Retype all of the entries exactly as they appear.
=== Data for this exercise ===
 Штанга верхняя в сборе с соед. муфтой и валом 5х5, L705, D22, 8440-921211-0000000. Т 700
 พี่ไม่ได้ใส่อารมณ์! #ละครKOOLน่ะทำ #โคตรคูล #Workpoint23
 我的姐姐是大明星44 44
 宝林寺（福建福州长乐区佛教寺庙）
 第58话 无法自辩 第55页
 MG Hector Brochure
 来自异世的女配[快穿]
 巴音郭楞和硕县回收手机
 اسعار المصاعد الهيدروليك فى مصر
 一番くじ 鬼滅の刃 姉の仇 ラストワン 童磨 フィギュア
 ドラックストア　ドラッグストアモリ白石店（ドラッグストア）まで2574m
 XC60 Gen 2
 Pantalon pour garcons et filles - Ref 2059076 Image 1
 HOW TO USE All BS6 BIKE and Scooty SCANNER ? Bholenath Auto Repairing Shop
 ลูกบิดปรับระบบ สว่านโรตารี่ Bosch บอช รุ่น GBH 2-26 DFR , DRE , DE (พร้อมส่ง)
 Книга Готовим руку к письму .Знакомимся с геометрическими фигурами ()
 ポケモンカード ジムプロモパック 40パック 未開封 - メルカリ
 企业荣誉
===
◆ **The completed task**
 Штанга верхняя в сборе с соед. муфтой и валом 5х5, L705, D22, 8440-921211-0000000. Т 700
 พี่ไม่ได้ใส่อารมณ์! #ละครKOOLน่ะทำ #โคตรคูล #Workpoint23
 我的姐姐是大明星44 44
 宝林寺（福建福州长乐区佛教寺庙）
 第58话 无法自辩 第55页
 MG Hector Brochure
 来自异世的女配[快穿]
 巴音郭楞和硕县回收手机
 اسعار المصاعد الهيدروليك فى مصر
 一番くじ 鬼滅の刃 姉の仇 ラストワン 童磨 フィギュア
 ドラックストア　ドラッグストアモリ白石店（ドラッグストア）まで2574m
 XC60 Gen 2
 Pantalon pour garcons et filles - Ref 2059076 Image 1
 HOW TO USE All BS6 BIKE and Scooty SCANNER ? Bholenath Auto Repairing Shop
 ลูกบิดปรับระบบ สว่านโรตารี่ Bosch บอช รุ่น GBH 2-26 DFR , DRE , DE (พร้อมส่ง)
 Книга Готовим руку к письму .Знакомимся с геометрическими фигурами ()
 ポケモンカード ジムプロモパック 40パック 未開封 - メルカリ
 企业荣誉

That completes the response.